- No. 47 Squadron IAF "Black Archers"
- Active: 18 December 1959 – present
- Country: Republic of India
- Allegiance: Indian Armed Forces
- Branch: Indian Air Force
- Role: Fighter
- Garrison/HQ: Adampur AFS
- Nickname: "Black Archers"
- Mottos: Karmani Vyaprutham Dhanuhu My bow is ready for task

Aircraft flown
- Fighter: Mig-29UPG

= No. 47 Squadron IAF =

No. 47 Squadron IAF nicknamed as Black Archers is a fighter squadron equipped with MiG-29UPGs based at Adampur Air Force Station.

==History==
No. 47 Squadron was raised on 18 December 1959 at Halwara with Sqn Ldr Denis Anthony La Fontaine as squadron commander. Air Vice Marshal S Subbaramu (that time Fg Offr) had ferried in the squadron's first Toofani the day before. Despite a shortage of personnel, equipment, working tools and other teething troubles, the infant squadron had the honor participating in the Republic Day flypast on 26 January 1960. And shortly thereafter in March 1960, the squadron took part in the 27th anniversary display at Bombay.

On 2 September 1965, five Toofanis were detached for the air defence of Tezpur. A further four aircraft were detached for the defence of Guwhati. The squadron was led in to these operation by Sqn Ldr P Venugopal and was appointed as SASO HQ (TC). A lone Toofani was left behind because of certain snags. The remaining crew of the squadron stayed back at Halwara for army co-operation in the Western sector.
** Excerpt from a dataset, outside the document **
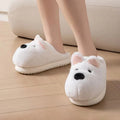 Animal Dog Fluffy Slippers For Women House Winter Cartoon Mules Platform Shoes Girls New Indoor Fuzzy Fur Slides Unisex Non-Slip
On 23 March 1968, after a long stint in the East, the Black Archers exchanged the aging Toofanis for new MiG-21FLs at Chandigarh. In February 1969, the squadron was tasked with the air defence of Delhi and was relocated to Hindon. The squadron stayed here for the next two years.

The squadron took a very active part in the 1971 war against Pakistan. Although its primary mission was air defence and it flew a number of counter air missions over Badin airfield. The Squadron was led in these operations by Wg Cdr HS Gill VM. During the war the squadron stationed detachments at Jamnagar, Halwara, Palam and Hindon. The Jamnagar detachment was most active and has to its credit a confirmed Starfighter (F-104) kill and a further probable. On 12 December 1971, Sqn Ldr BB Soni shot down an F-104 as it attempted to attack Jamnagar.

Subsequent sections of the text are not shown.